When he left, the complaint states, the guard tried to give Ralph his phone number.
Another plaintiff, identified in the complaint as S.M., had a much longer experience with this County employee. At 15 years old, he and a friend started a fire at Federal Way High School and got picked up for arson.
“And that's when my whole life changed,” S.M. says, who asked that we not use their full name, for their privacy.
In the complaint, S.M. alleges it started with the guard “bringing pizzas to certain boys to share in the dayroom during his shift. [The guard] then began spending unnecessary one-on-one time with S.M. in his cell.”
“It's almost like being hypnotized, you know?” S.M. says. “I don't know what other way to say it.”
The complaint alleges that the “abuse escalated to include sexual contact with S.M.’s penis, forcing S.M. to taste [the guard]’s semen, and making sexual contact between his mouth and S.M.’s penis.”
Then after S.M. was released, according to the complaint, the guard “continued to abuse him by using the personal information King County kept on detainees to locate him outside the facility.”
“He convinced my parents that he was like the big brother I needed, and had all this guidance, you know. [I was] somebody to take under his wing,” S.M. says. In an interview with The Stranger, he alleges the two would drive back to the guard’s apartment and engage in sexual acts.
The trauma of this experience left S.M. with a few images burned into his mind. “I can tell you what he wore,” S.M. tells The Stranger. “I can tell you what he drove, where he lived, everything…I mean, you just don't forget things like that.”
The Cost of Silence
In 1989, the Commission on Washington Courts issued a report on judicial elections and discipline. Just a year after Judge Little’s suicide, they leaned on the example heavily as a warning for future judicial conduct.
The report criticized the Commission on Judicial Conduct’s response to years of complaints about Little, saying, “the CJC undertook only minimal follow up, and that at a slow pace.” The report said this behavior demands intense scrutiny because of the possibility that it results in “potentially devastating consequences.”
The plaintiffs in this lawsuit expressed the profound effects this abuse had on their lives, and their hope that although this might not provide closure, it might prevent future abuse.
Early, the former street kid who says he was abused by Little at 10 years old, is still searching for normalcy in his 50’s. “I don't have normal relationships,” he says. “I'm single. I probably won't ever be in a relationship. There's just certain things that have traumatized me to the point where I can't live a normal life.”
“It affects you in ways that you don't actually expect it to,” Ralph says, now 59. “I just disintegrated. I fell off in school, which I really used to enjoy. And I got in trouble after that. I never got in trouble before that. But then after that, I did. I started drinking. I got in quite a few fights.”
But then he found salvation—or something like it—in an unlikely place.
“I started roller skating,” he says. “Maybe that's besides the point, but I started doing that. I got really good at it. And that helped a lot. I quit fighting so much.”
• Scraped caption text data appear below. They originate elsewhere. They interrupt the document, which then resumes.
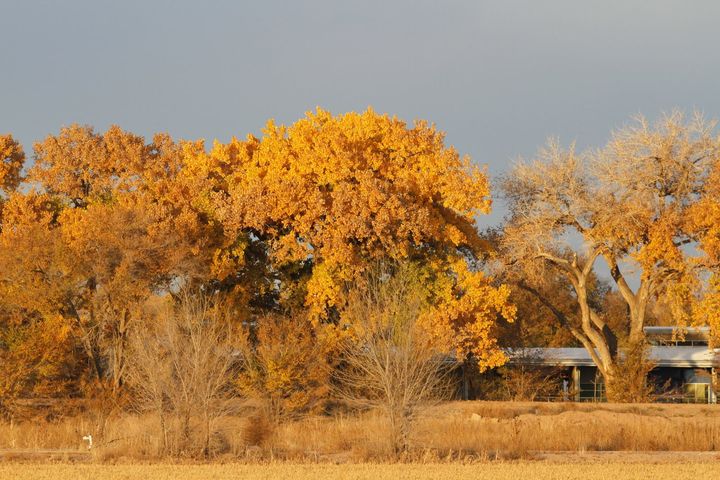 New Mexico banner image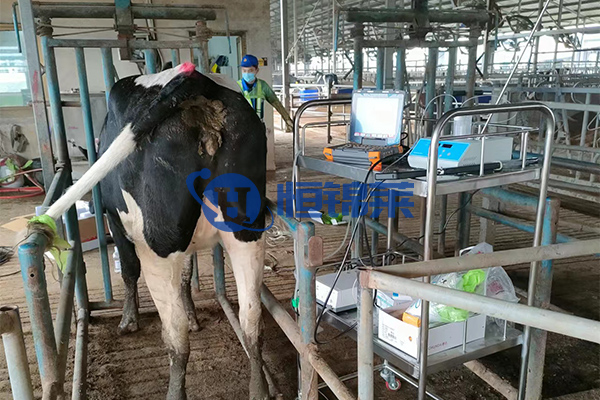 BXL veterinary ultrasoud instrument Hengjinlai case(图7)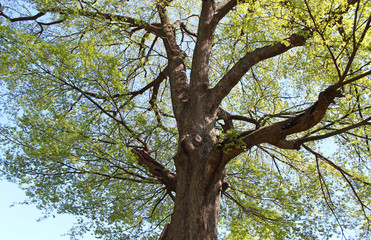 新緑　大木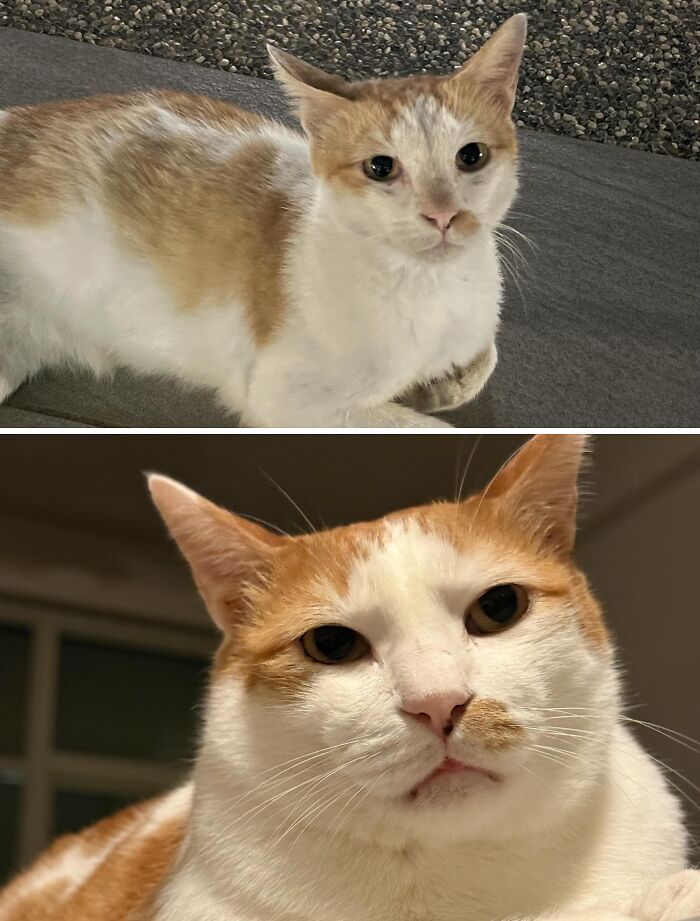 73 Rescue Cat Transformations That Might Heal Your Soul 73 Rescue Cat Transformations That Might Heal Your Soul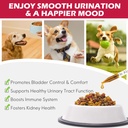 dog-uti-treatment-xsvseie-urinary-tract--5.jpg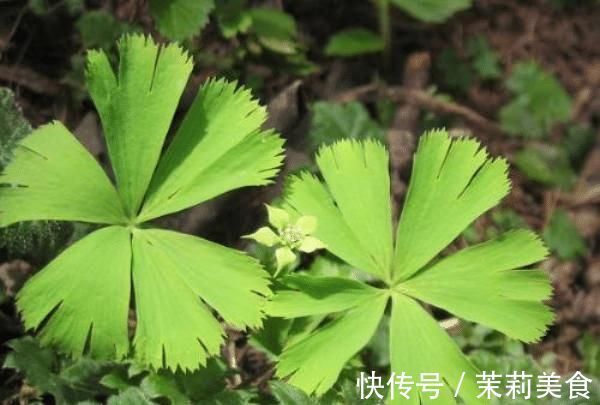 5种罕见植物,只长一片叶子一根茎,价值却很珍贵早看早知道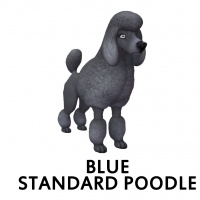 Blue Standard Poodle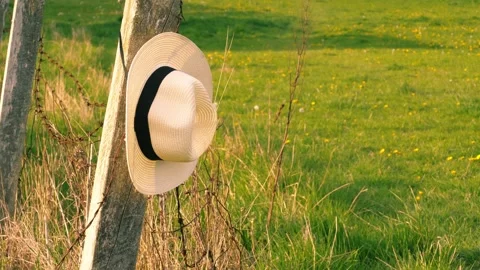 Straw hat hanging in summer meadow Stock Footage 307832272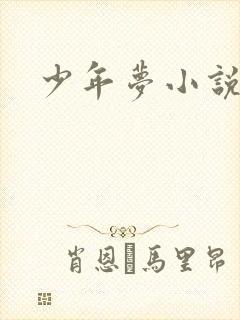 少年梦小说
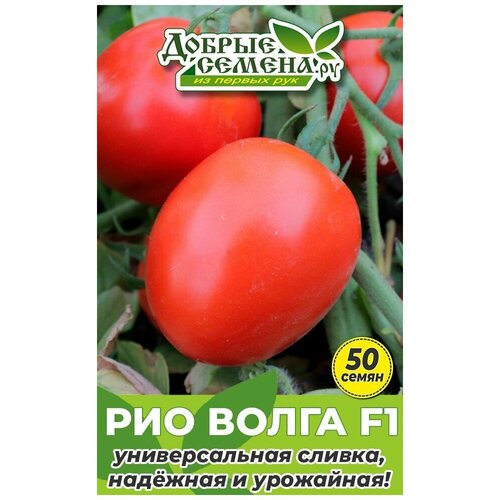Семена томата Рио Волга F1 - 50 шт - Добрые Семена. ру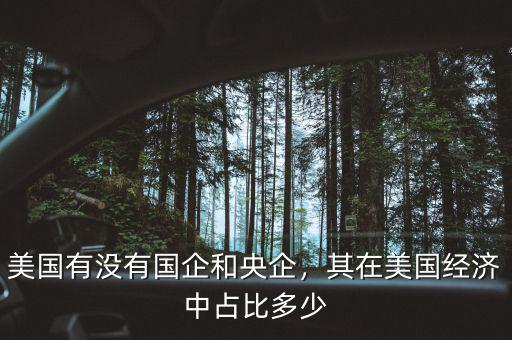 美國有沒有國企和央企，其在美國經濟中占比多少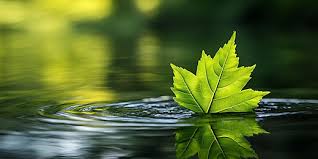 Images (13)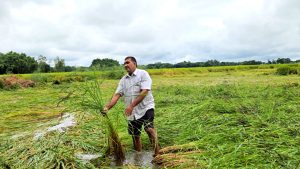 बेमौसमी वर्षाले सुनसरीमा दुई अर्ब बढीको कृषिउपज नष्ट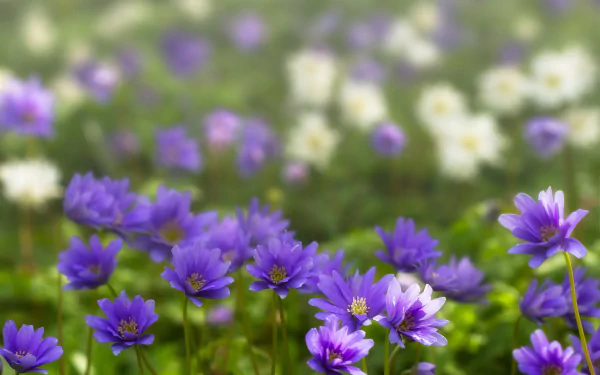blur purple flower flower nature spring anemone HD Desktop Wallpaper | Background Image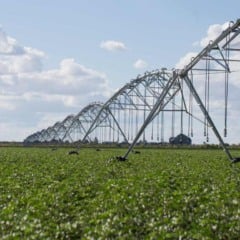O foco do Pronisaf é incentivar o uso racional da irrigação na agricultura e garantir que os produtores rurais tenham acesso a capacitação, assistência técnica e ferramentas modernizadas para gestão hídrica.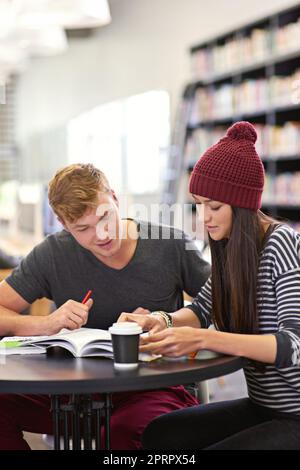 Préparation aux examens à venir. Deux étudiants du collège étudient ensemble à la bibliothèque. Banque D'Images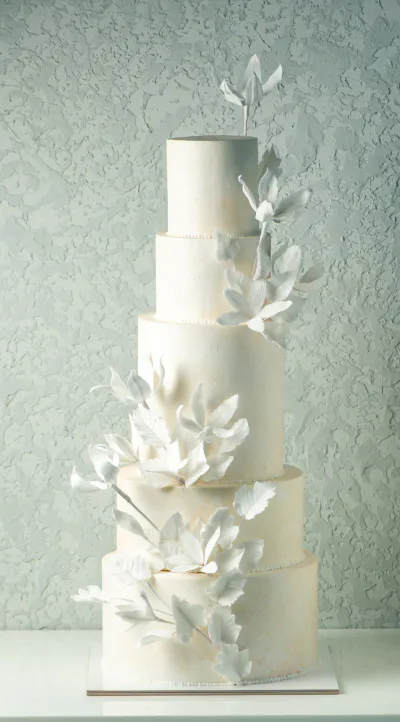 Wedding Cake 5 (21kg)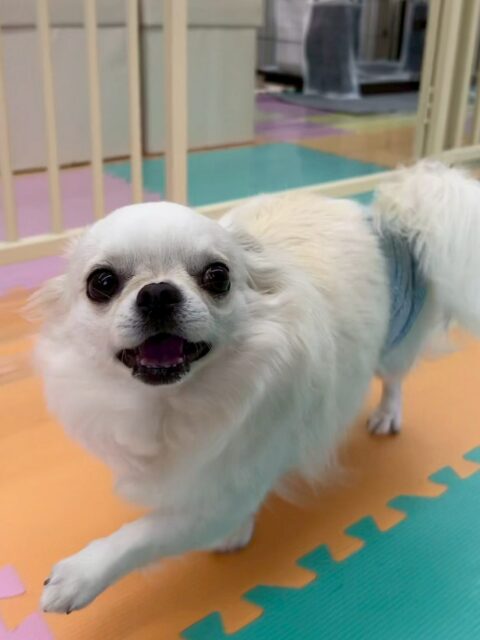ビビちゃん🐶
本日歯磨きトレーニングを開始して1年10ヶ月が経ちました
歯の状態は少し汚れてきましたが、キープはできています‼️このまま継続を意識して少し汚れが多いところは心がけて頑張っていきましょう✊

園内では朝からテンション高めでした‼️自分から匂いを嗅いだり、むくちゃんややん丸に遊びを誘われたり、自分から誘ったりもあって楽しんでいました👍

🐾🐶愛犬のお悩みご相談ください🐶🐾
@kenkohmura_official
 ↑フォロー待ってます↑

〒955-0091 新潟県三条市上須頃大割４２８−１
☎︎ 0256-35-2571
✉️ info@kenkohmura.jp
HP: https://kenkohmura.jp
LINE: https://lin.ee/7LIz5sb

#犬幸村#犬の幼稚園 #吠える、噛む #犬のしつけ #トイレ
チワワチワワ可愛いチワワ大好きチワワ倶楽部チワワかわいすぎる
“You get this anger,” S.M. says. “At first you get this anger inside, you know. And then you…well, you continue to have anger for a long time. And that's just not the personality that I had or who I would have been if this had not happened to me. And I felt that they knew what was going on in King County. And, in effect, they allowed it.”
S.M. says he only recently told his family what happened, but he feels like over the decades—maybe because he held it in so long—he’s developed a sixth sense to identify similarly abused people.
“There's been times I've recognized people I don't even know, just recognized they're going through what I went through. And I'll approach them. I’ve done that,” S.M. says. “How a person interacts with another person, you know. How they look at them, how they talk to them…it's like a sense. You sense it.”
He says it happens all the time.
Editor's note: This story has been updated to include comment from King County.